Echo Kanak

Airflow XComs 101

Mar 31, 2025


When building pipelines in Apache Airflow, tasks often need to share data with each other.
That’s where
XComs (cross-communication)

What are XComs?

XComs enable tasks in your Airflow DAGs to exchange small amounts of data. :

  1. Push: A task stores data in XCom using a unique identifier
  1. Pull: Another task retrieves that data using the same identifier
  1. Storage: XCom data is stored in Airflow's metadata database by default
  1. Identification: Each XCom is uniquely identified by multiple fields: key, run ID, task ID, and DAG ID

Every task instance in Airflow gets its own context dictionary that contains metadata about the current execution.
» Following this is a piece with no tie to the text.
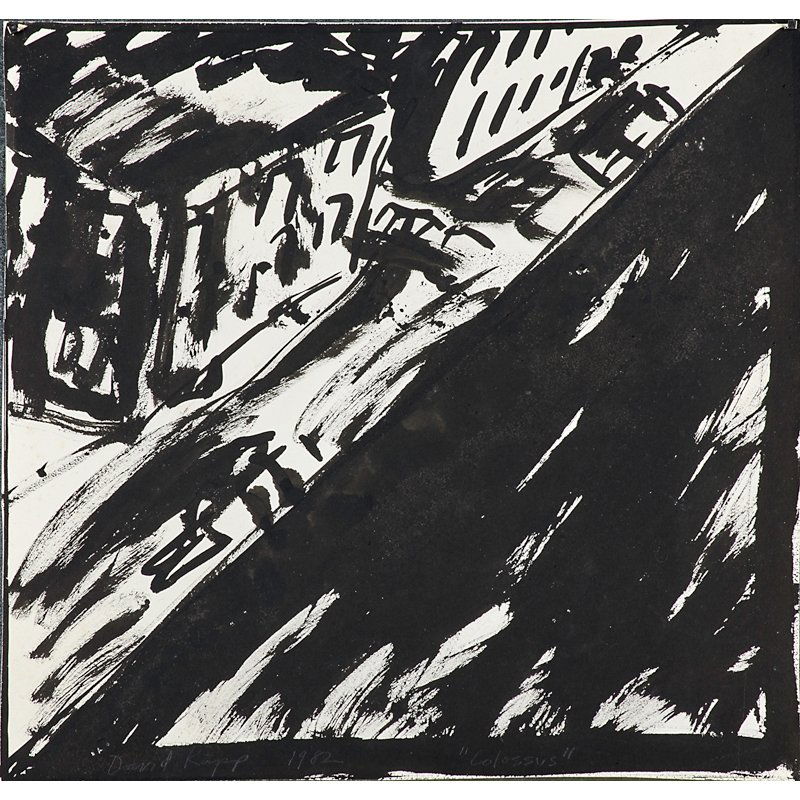 DAVID KAPP (American, b. 1953): Four works on paper: Ink, "Colossus," 1982, signed, dated and titled; Woodcut, "City Axle," 1983, signed, dated, titled and numbered AP; Woodcut, "Noel", signed; Offset lithograph exhibition mailer, "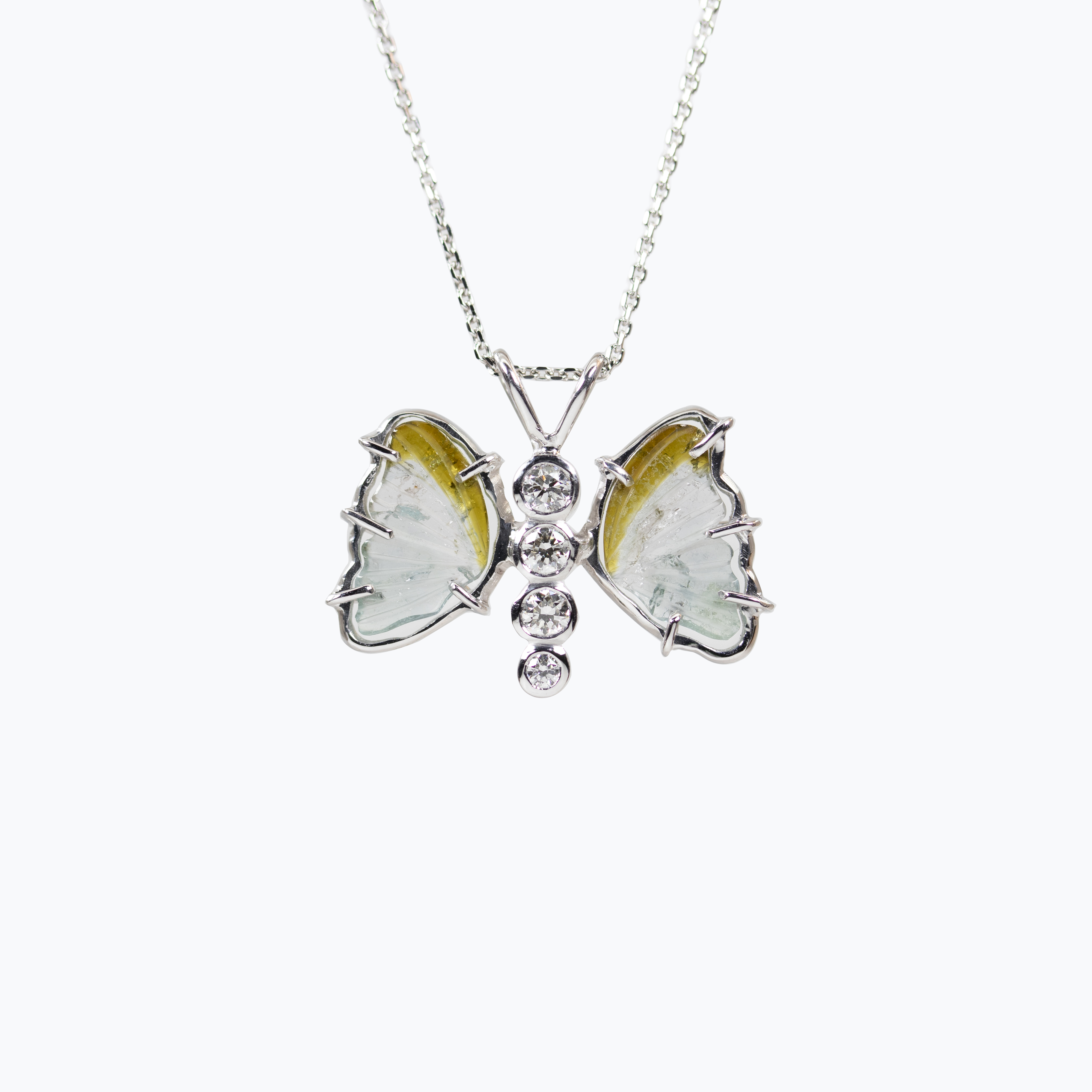 Natural Diamond and Tourmaline Butterfly Pendant Necklace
  • context["ti"] → refers to the TaskInstance object of the currently running task

XCom Implementation Patterns

Method 1: Explicit Context Usage

The most verbose way using the full context dictionary:

from airflow.sdk import dag, task, Context

@dag
def xcom_dag():
    @task
    def task_a(**context: Context):
        val = 27
        context["ti"].xcom_push(key="my_key", value=val)

    @task
    def task_b(**context: Context):
        val = context["ti"].xcom_pull(task_ids="task_a", key="my_key")
        print(f"Received value: {val}")

    task_a() >> task_b()

xcom_dag()
python

Method 2: Direct TaskInstance Access

Accessing the TaskInstance directly:

from airflow.sdk import dag, task

@dag
def xcom_dag():
    @task
    def task_a(ti):
        val = 27
        ti.xcom_push(key="my_key", value=val)

    @task
    def task_b(ti):
        val = ti.xcom_pull(task_ids="task_a", key="my_key")
        print(f"Received value: {val}")

    task_a() >> task_b()

xcom_dag()
python

Pythonic approach uses return values and function parameters:

from airflow.sdk import dag, task

@dag
def xcom_dag():
    @task
    def task_a():
        val = 27
        return val  # Automatically pushed to XCom

    @task
    def task_b(val):  # Automatically pulled from XCom
        print(f"Received value: {val}")

    val = task_a()
    task_b(val)

xcom_dag()
python
  • Less boilerplate code
  • More readable and intuitive
  • Follows Python conventions
  • Automatic XCom handling behind the scenes

Advanced XCom Patterns

Pulling from Multiple Tasks

When we need data from several upstream tasks, to ensure proper dependencies and we use task ID lists:

@dag
def xcom_dag():
    @task
    def task_a(ti):
        val = 27
        ti.xcom_push(key="my_key", value=val)

    @task
    def task_c(ti):
        val = 28
        ti.xcom_push(key="my_key", value=val)

    @task
    def task_b(ti):
        # Pull from multiple tasks
        vals = ti.xcom_pull(task_ids=["task_a", "task_c"], key="my_key")
        print(f"Received values: {vals}")  # Returns a list

    task_a() >> task_c() >> task_b()

xcom_dag()
python

Pushing Multiple Values

Use dictionaries to organize and share multiple related values:

@dag
def xcom_dag():
    @task
    def task_a(ti):
        vals = {
            "val1": 27,
            "val2": 8,
            "val3": 1997,
            "status": "success"
        }
        ti.xcom_push(key="my_key", value=vals)

    @task
    def task_b(ti):
        vals = ti.xcom_pull(task_ids="task_a", key="my_key")
        print(f"val1: {vals['val1']}")
        print(f"val2: {vals['val2']}")
        print(f"Status: {vals['status']}")

    task_a() >> task_b()

xcom_dag()
python

XCom Limitations and Best Practices

  1. Keep XComs small - they're for metadata, not bulk data

    use for : file paths, URLs, run IDs, execution metadata, row counts, processing stats, small config dicts, status flags, control signals, DB connection strings.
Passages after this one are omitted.